The Art Of the Start book review
Authors: Guy Kawasaki ISBN: 1591840562 Publisher: Portfolio
The Art Of the Start is a short, pithy and to the point look at some of the essential knowledge that any aspiring entrepreneur should have. The eleven concise chapters cover a range of topics including the old favourites, positioning, pitching, and raising capital and the less common bootstrapping, rain-making and even “The art of being a Mensch.”
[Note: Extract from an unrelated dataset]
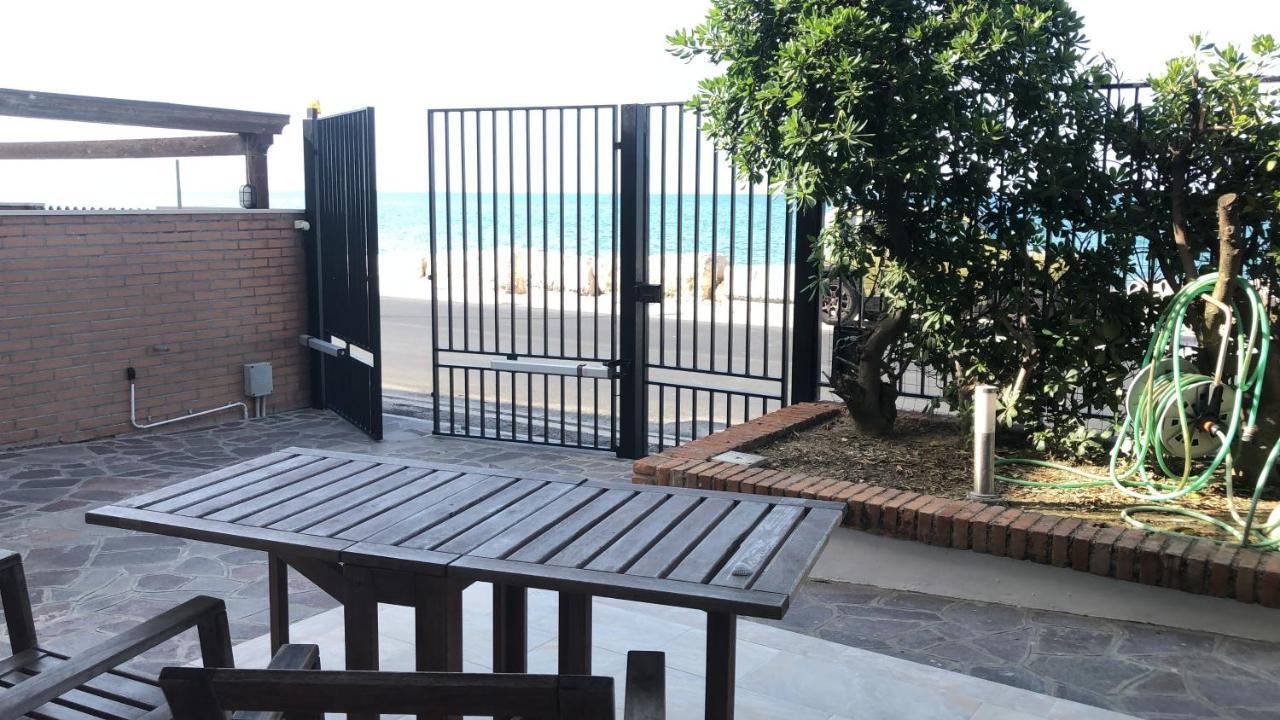 Beach Appartament مارينا دي مونتيمارسيانو المظهر الخارجي الصورة
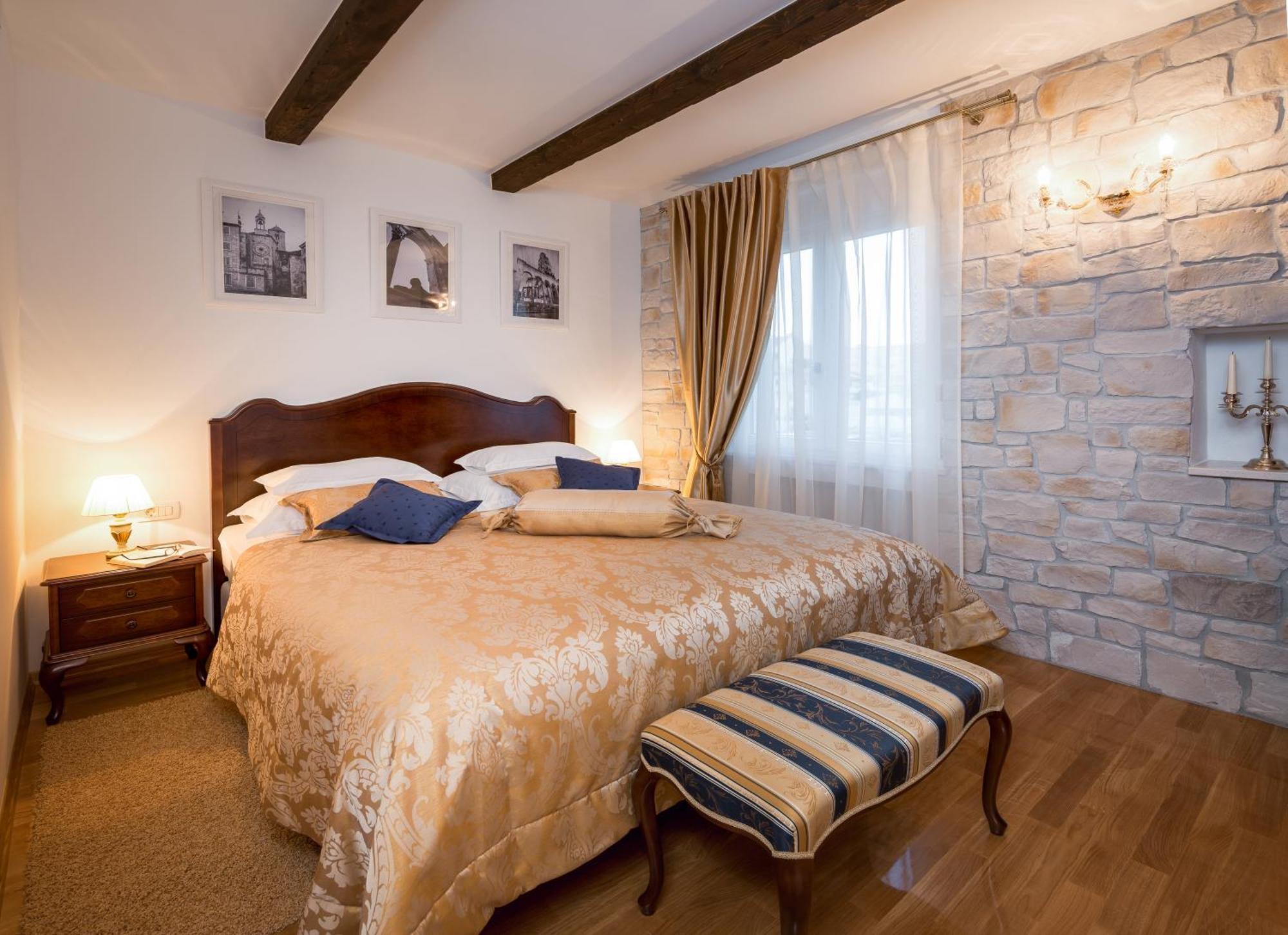 Opera Heritage Bed & Breakfast Split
The author’s experience on both sides of the road to starting up a business, as an entrepreneur and a venture capitalist, is very visible in the text and helps convey context with his advice. His chapter on pitching for example gives you both an idea of what you should know to ensure you’re not working in the dark and you’ve thought things through but also shows what the VC is most likely interested in
What helped to endear the book to me was its humour and cynicism, for example the chapter on recruiting has an amusing “top ten lies of job candidates”, it’s refreshing to see a start-up focused business book that is both aware that not everyone is going to make it and conveys this information in a way that doesn’t make you want to put the book down in depression
It’s hard to pinpoint the ideal audience for this book, the author covers both the small details, example presentation formats and how much time a pitch should require, and the larger, broad topics such as the common reasons for companies to partner. If you’re looking for a dry book, full of useful facts and figures, then this is the wrong choice. If however, you’re looking for a book that introduces you to all the subjects that someone attempting to get a start-up off the ground should know then this book with a light, anecdotal but realistic view point is far from the worst choice you could make.